Lymphedema of any grade was also reported by 4% of patients who did not undergo axillary dissection compared with 13% of those who did. Motor neuropathy of any grade was reported by 3% and 9% of patients, respectively.

No grade 3 or 4 surgical adverse events of any kind occurred in the no axillary dissection group.

Accompanying Editorial

In an accompanying editorial, Henry Kuerer, MD, PhD, from the University of Texas MD Anderson Cancer Center in Houston, points out that up to the early 2000s, "almost all women throughout the world presenting with clinically node-negative invasive breast cancer routinely received complete axillary lymph node dissection."
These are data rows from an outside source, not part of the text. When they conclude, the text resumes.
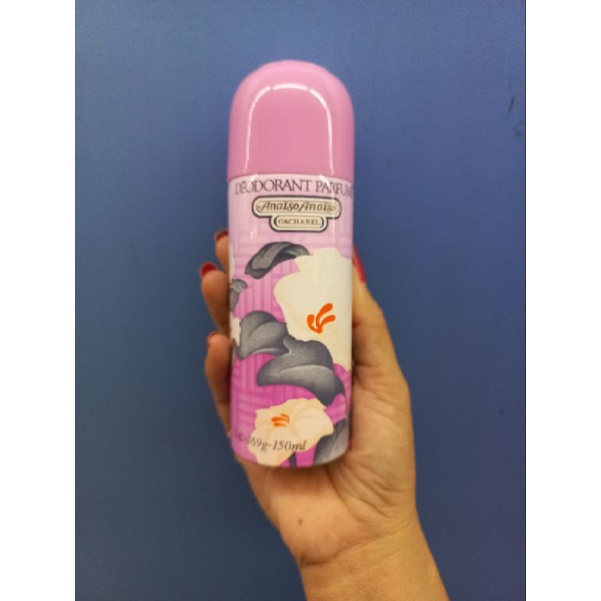 Deodorant parfum Anaiso 150ml
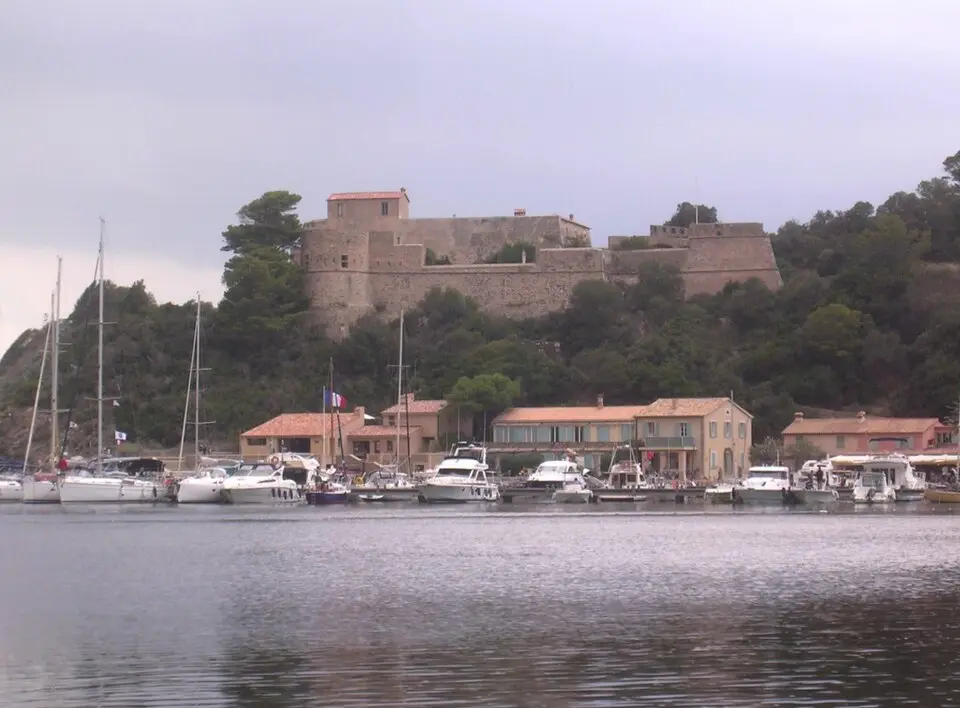 fort du Moulin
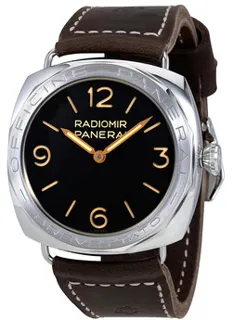 Panerai Radiomir PAM 00685 Stainless steel Black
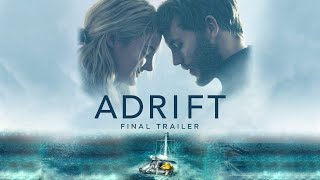 Adrift Full Movie Story Teller  Facts Explained  Hollywood Movie  Shailene Woodley [upl. by Atsev111]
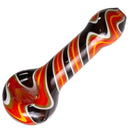 Crayon Twist Spoons (Various Colors) - Weedcommerce Marketplace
This procedure is frequently associated with lymphedema, shoulder dysfunction, and pain that often persists for years after the surgery has been done and can significantly affect quality of life for breast cancer survivors.

"The development of sentinel lymph node biopsy for breast cancer using a radiocolloid lymphatic tracer and blue dyes occurred in the mid-1990s," Kuerer notes.

This quality of life–altering procedure has largely eliminated the necessity of doing an axillary lymph node dissection when minimal disease is detected in the sentinel lymph nodes, he points out.

Although it took several single-center and multicenter national and international trials to get to this point, "in the USA, there is no longer any controversy regarding the appropriate management of micrometastases or macrometastases identified in one or two nodes in patients receiving breast conservation therapy," Kuerer writes.

"Findings [from the current study] add increasing high-quality evidence that no axillary lymph node dissection is not inferior to axillary lymph node dissection for patients with micrometastases 10 years after treatment, with respect to both the primary endpoint of disease-free survival and overall survival," he reaffirms.

IBCSG 23-01 was supported by the centers that enrolled the women and the International Breast Cancer Study Group, which is partly funded by the Swiss Group for Clinical Cancer Research; the Swiss Cancer League/Cancer Research Switzerland/Oncosuisse, Frontier Science and Technology Research Foundation; The Cancer Council Australia; The Australian New Zealand Breast Cancer Trials Group (National Health Medical Research Council); The Swedish Cancer Society; and The Foundation for Clinical Cancer Research of Eastern Switzerland. Galimberti has disclosed no relevant financial relationships. Some co-investigators report industry ties, which are listed in the publication. Kuerer has disclosed no relevant financial relationships.